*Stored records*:
=== Section Start ===

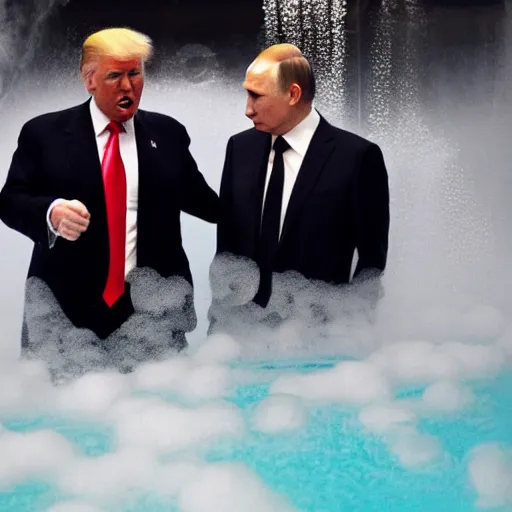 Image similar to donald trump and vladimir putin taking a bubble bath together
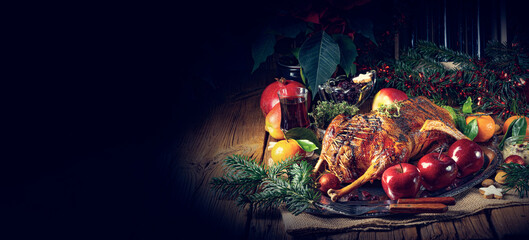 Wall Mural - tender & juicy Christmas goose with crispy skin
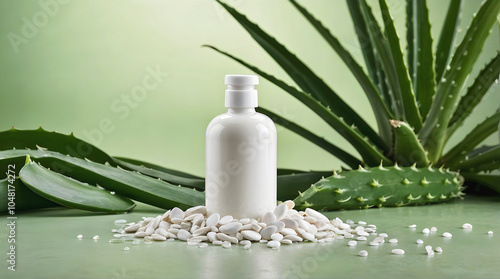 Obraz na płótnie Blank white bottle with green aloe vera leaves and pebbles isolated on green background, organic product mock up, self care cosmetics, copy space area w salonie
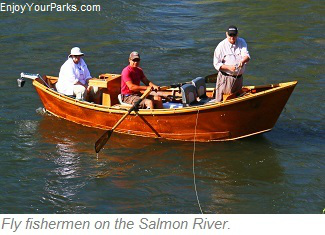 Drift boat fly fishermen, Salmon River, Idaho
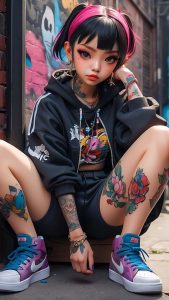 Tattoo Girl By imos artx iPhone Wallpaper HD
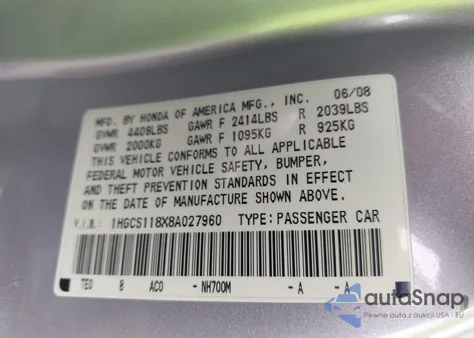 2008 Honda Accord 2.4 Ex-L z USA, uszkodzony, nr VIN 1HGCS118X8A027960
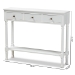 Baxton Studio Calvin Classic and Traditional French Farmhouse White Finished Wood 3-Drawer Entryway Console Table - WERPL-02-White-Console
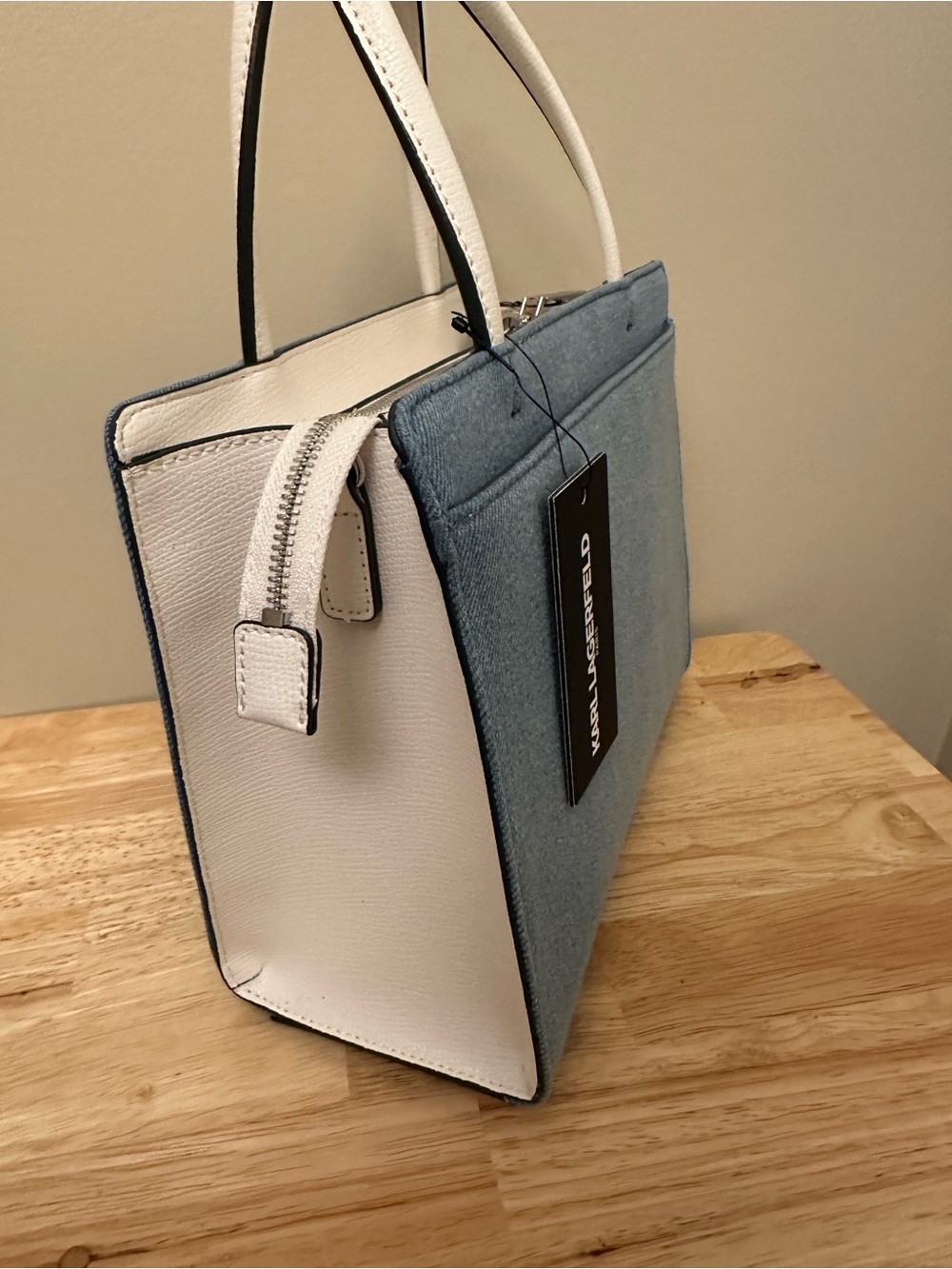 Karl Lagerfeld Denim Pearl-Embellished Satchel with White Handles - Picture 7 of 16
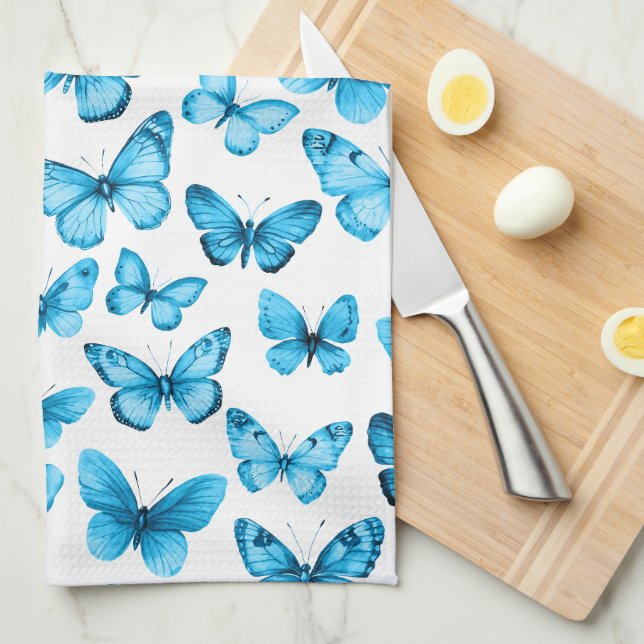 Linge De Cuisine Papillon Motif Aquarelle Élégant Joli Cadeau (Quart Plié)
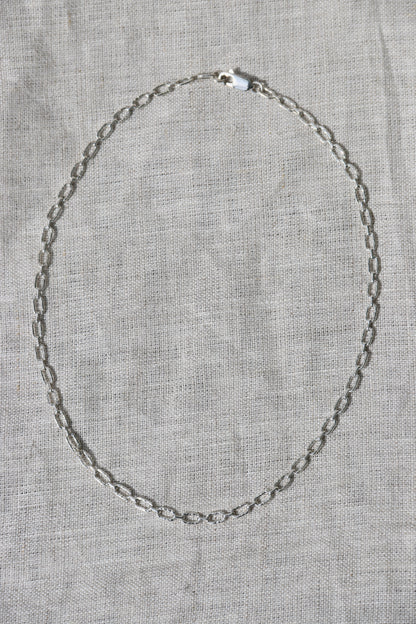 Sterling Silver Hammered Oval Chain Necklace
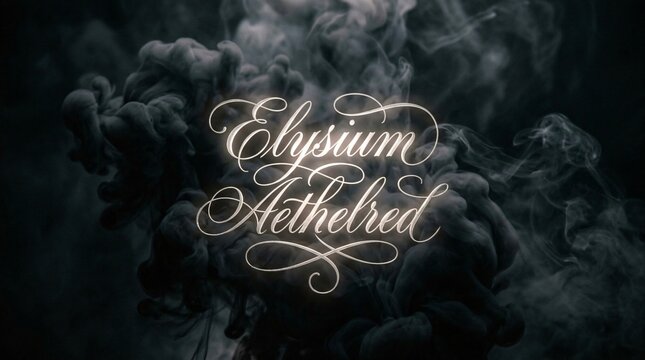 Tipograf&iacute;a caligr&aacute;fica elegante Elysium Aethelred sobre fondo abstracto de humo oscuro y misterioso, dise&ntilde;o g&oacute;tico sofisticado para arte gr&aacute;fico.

=== Section End ===

*Directions for this task*:
Going through the records above line by line, transcribe each one exactly and skip any pictures.

*Problem solution*:
 Image similar to donald trump and vladimir putin taking a bubble bath together
 Wall Mural - tender & juicy Christmas goose with crispy skin
 Obraz na płótnie Blank white bottle with green aloe vera leaves and pebbles isolated on green background, organic product mock up, self care cosmetics, copy space area w salonie
 Drift boat fly fishermen, Salmon River, Idaho
 Tattoo Girl By imos artx iPhone Wallpaper HD
 2008 Honda Accord 2.4 Ex-L z USA, uszkodzony, nr VIN 1HGCS118X8A027960
 Baxton Studio Calvin Classic and Traditional French Farmhouse White Finished Wood 3-Drawer Entryway Console Table - WERPL-02-White-Console
 Karl Lagerfeld Denim Pearl-Embellished Satchel with White Handles - Picture 7 of 16
 Linge De Cuisine Papillon Motif Aquarelle Élégant Joli Cadeau (Quart Plié)
 Sterling Silver Hammered Oval Chain Necklace
 Tipograf&iacute;a caligr&aacute;fica elegante Elysium Aethelred sobre fondo abstracto de humo oscuro y misterioso, dise&ntilde;o g&oacute;tico sofisticado para arte gr&aacute;fico.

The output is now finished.